11 eylül 2020 ssg ile cem say tartışması

  • şu tweet'in altında başlıyor tartışma. uzun uzun devam ediyor.

    peki ya konu? atatürk.
    ssg, atatürk'ün yunan bayrağını çiğnememesini yücelttiğimizi dile getiriyor.
    ama öte yandan "yunanı denize döktük" söyleminin onur kırıcı olduğunu söylüyor.
    atatürk, bayrağı çiğnemediği için övünüyoruz ama çiğnese de övünürdük diyor.
    ya aslında saçmalıyor, orası ayrı. ama temeli bu söylemlerinin.
    cem say ise ssg'nin belini incitmiyor ama hakkını veriyor.

    sözlük ahalisi bilir. sedat dönemsel olarak böyle ağır saçmalar.
    hatta onlardan biri: (bkz: #109785174)
    örnekleri ziyadesiyle mevcut. geçenlerde de beşiktaş'ta beyaz don ile denize girenleri savunuyor, ekonomi kötü insanlar gariban diyordu.
    bir deniz şortu 25-30 lira bu arada, muhtemelen beşiktaş'a gelmek için harcadıkları paradan daha ucuz. neyse konu o değil.
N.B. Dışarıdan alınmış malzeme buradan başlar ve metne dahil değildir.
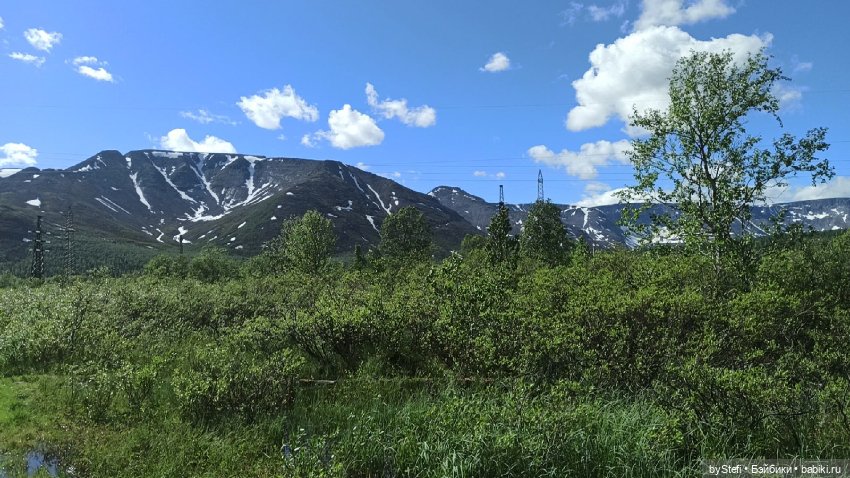Выловили солнечный денёк 19.06.2021. Заполярье. Прогулка. Часть 1 (фото 10)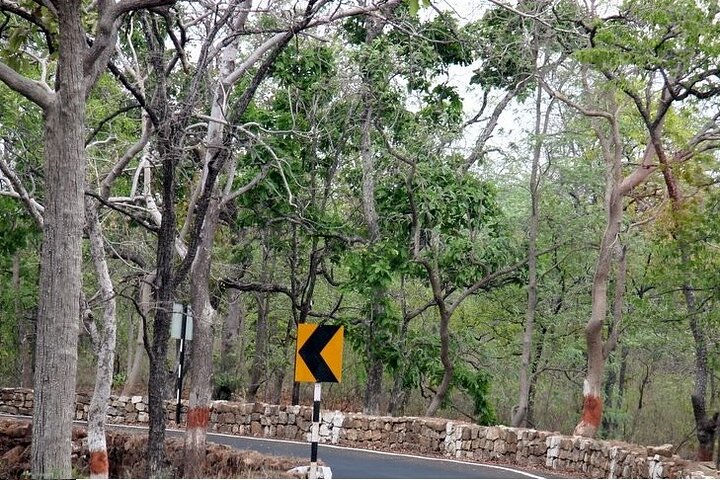 Romantic Pachmarhi Day Tour from Bhopal with Private Car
    sedatcığım, seni sevmem. ama garezim de yok.
    hatta senin bu çıkışlarını gördükçe, iyi ki kanzuk'ta sözlüğün yönetimi dediğim bile oluyor.
    atatürk yunan bayrağını çiğnemediği için atatürk. yunanı denize döktüğü için atatürk.
    aksini yapsa idi atatürk olmazdı zaten.
    ve bayrak, kutsaldır. her zafer sonrası o yüzden bayrak asılır.
    ilk iş, düşmanın bayrağı gönderden indirilir.
    bayrak, bir milletin şerefidir. kimliğidir. kendisidir.
    bir başka deyişle düşmanın cesedine işenmez. düşmanlığın bile bir şerefi, haysiyeti vardır. atatürk'ün, çanakkale'de ölen anzak ailelerine yazdığı mektubu da biliyorsundur.
    yani demem o ki bu şeref, ziyadesiyle atatürk'te mevcuttu.

    kalkmış diyor ki ee niye yendik demiyoruz da yunanı denize döktük diyoruz.
    çok basit, çünkü denize döktük. bu bir mecaz değil, hakikat.
    adamlar ülkemizi işgal etmeye geldi. ettiler de. yaktılar da. tecavüz de ettiler.
    şimdi bu adamları kibarca yendik demek yerine, niye denize döktük diyoruz.
    bebeğim, analarını siktik demiyoruz. denize döktük diyoruz. çünkü döktük.
    kovaladık ve deniz yoluyla kaçtılar. olay bu kadar basit.
    bu duyarın sebebi nedir? hem de yunanistan ile bu kadar gergin olduğumuz bir dönemde, bu söylemleri yapma ihtiyacın nedir?
    ya şu cümleyi kurmak istemiyorum ama körün amı zorladığı gibi zorluyorlar.
    ulan ülke batmış be batmış. ekonomi yerle bir. alım gücü sıfırlanmış.
    döviz-altın uçmuş gitmiş. vergiler gırtlağımıza çökmüş.
    götü yiyip de tayyip'e, damadına ağzını açamayan mamamız kesilir diye korkanlar, atatürk'ü dillerinden düşürmüyorlar.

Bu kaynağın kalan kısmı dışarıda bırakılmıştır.